_SOURCE DATA:_

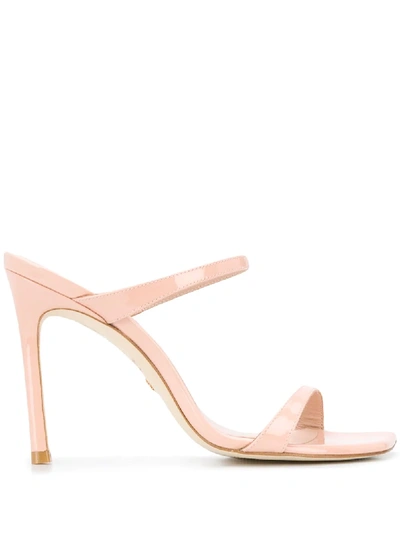 Shop Stuart Weitzman Aleena Stiletto Sandals In Pink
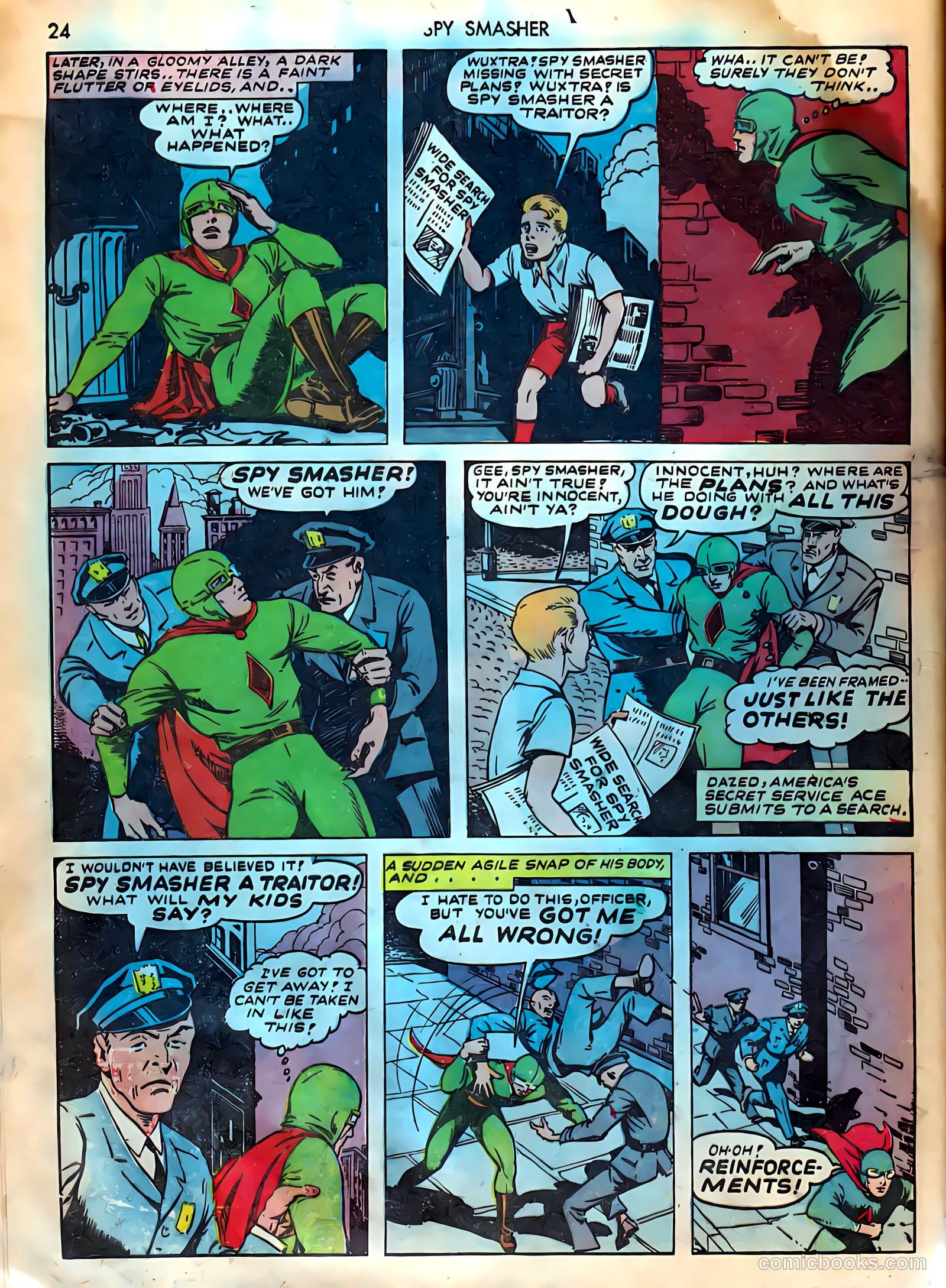 Spy Smasher #10 (1943) — page 25 of 69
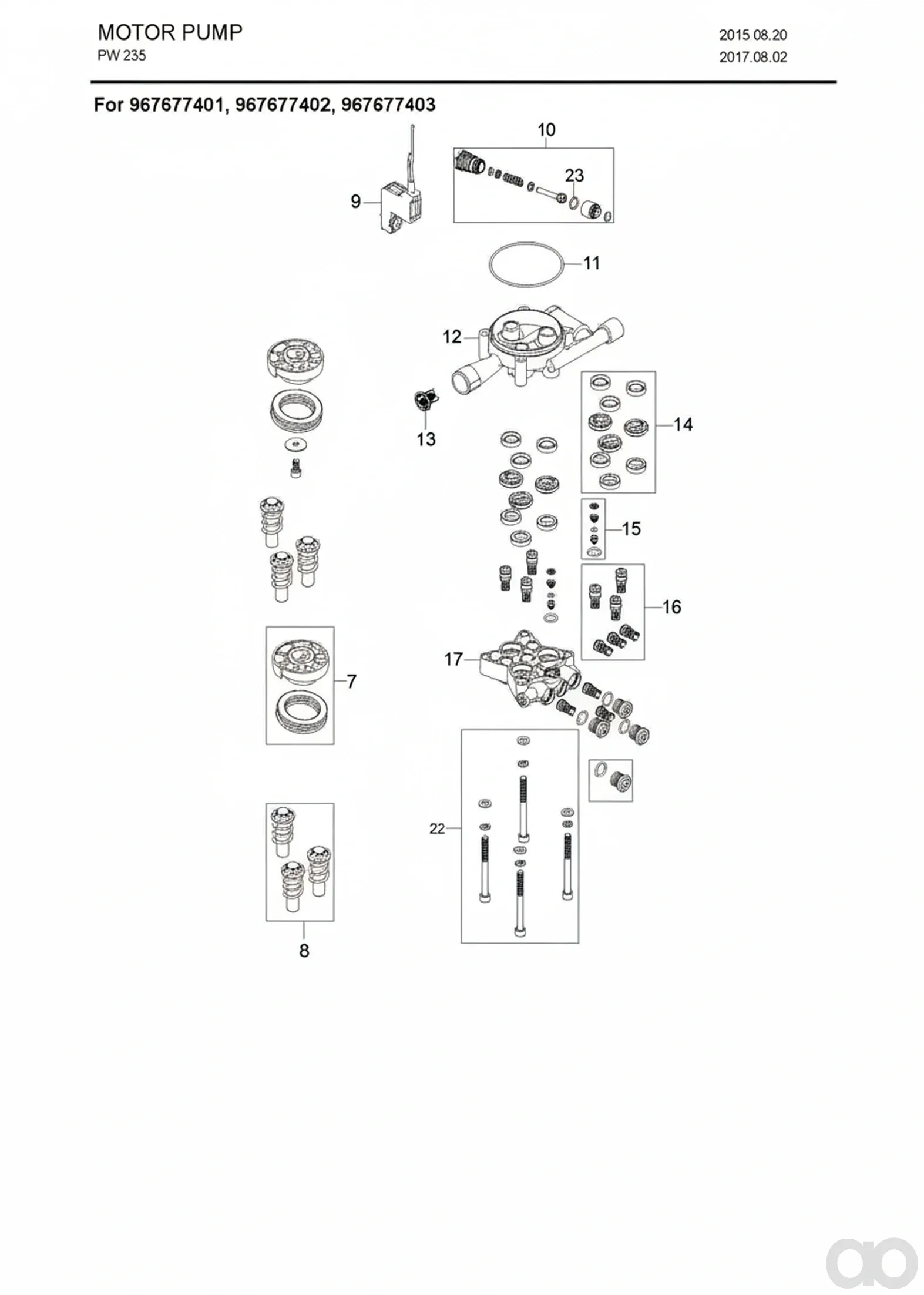 Husqvarna - 592617699 - Ventil (Saug- und Druckventil-Satz)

_EXERCISE:_ Extract, word for word, each line from the one that contains "Spy Smasher #10 (1943) — page 25 of 69" through the final line of the data above. Leave the pictures out.

_ANSWER SECTION:_
 Spy Smasher #10 (1943) — page 25 of 69
 Husqvarna - 592617699 - Ventil (Saug- und Druckventil-Satz)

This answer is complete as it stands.